← Research Projects
Project 05 Machine Learning Remote Sensing Air Quality

Ground-Level NO₂ Predictions Using
Satellite Imagery-Driven Convolutional Neural Networks

Training a CNN on both TROPOMI and TEMPO satellite data to predict surface NO₂ concentrations across Wisconsin — filling the gap left by sparse ground monitors and testing whether TEMPO's hourly imagery can improve spatial generalization.

Supervisor Prof. Tracey Holloway, UW–Madison
Timeline January 2026 – Present
Status Ongoing
Plain-English Summary

Wisconsin has only three NO₂ air quality monitors, all located in Milwaukee. For everyone else in the state — from Green Bay to rural farm communities — there is no direct measurement of this harmful pollutant. Satellites can see the whole state, but satellite readings don't directly translate to ground-level concentrations.

This project is building a convolutional neural network — the same type of AI used in image recognition — to read satellite imagery and predict what the ground-level NO₂ would be at any location in Wisconsin. The key novelty: training the model on NASA's new TEMPO satellite, which captures hourly NO₂ data at higher resolution than any prior satellite, alongside the established TROPOMI instrument.
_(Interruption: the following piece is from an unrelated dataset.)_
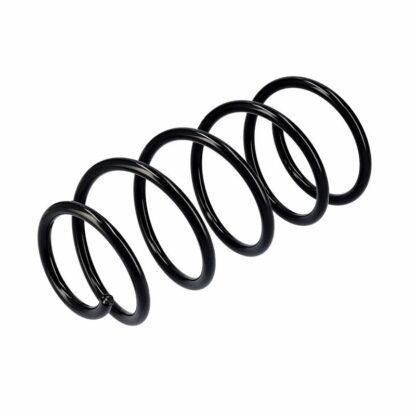 Fitting PositionRear AxleSpring DesignCoil spring with constant wire diameterCheck OE numberreplacement in pairs recommendedWire Diameter [mm]12Length [mm]349Number of coils5.4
No published model has been trained on TEMPO data yet.

Three problems this project addresses

Why this work is needed
1

No model has been trained on TEMPO yet. TEMPO launched in April 2023 and provides hourly NO₂ imagery over North America at higher resolution than any prior satellite. It represents an entirely new source of data — and no published model has used it.

2

Existing AI models fail at new locations. The best current approach predicts NO₂ accurately at sites it trained on, but accuracy drops sharply at sites it has never seen — the real-world test that matters. TEMPO's richer hourly data may help the model learn patterns that generalize more broadly.

3

Wisconsin has only three NO₂ monitors, all in Milwaukee. The rest of the state — farms, mid-size cities, industrial zones — has no direct air quality measurement for this pollutant. That leaves communities potentially exposed to elevated NO₂ without any data.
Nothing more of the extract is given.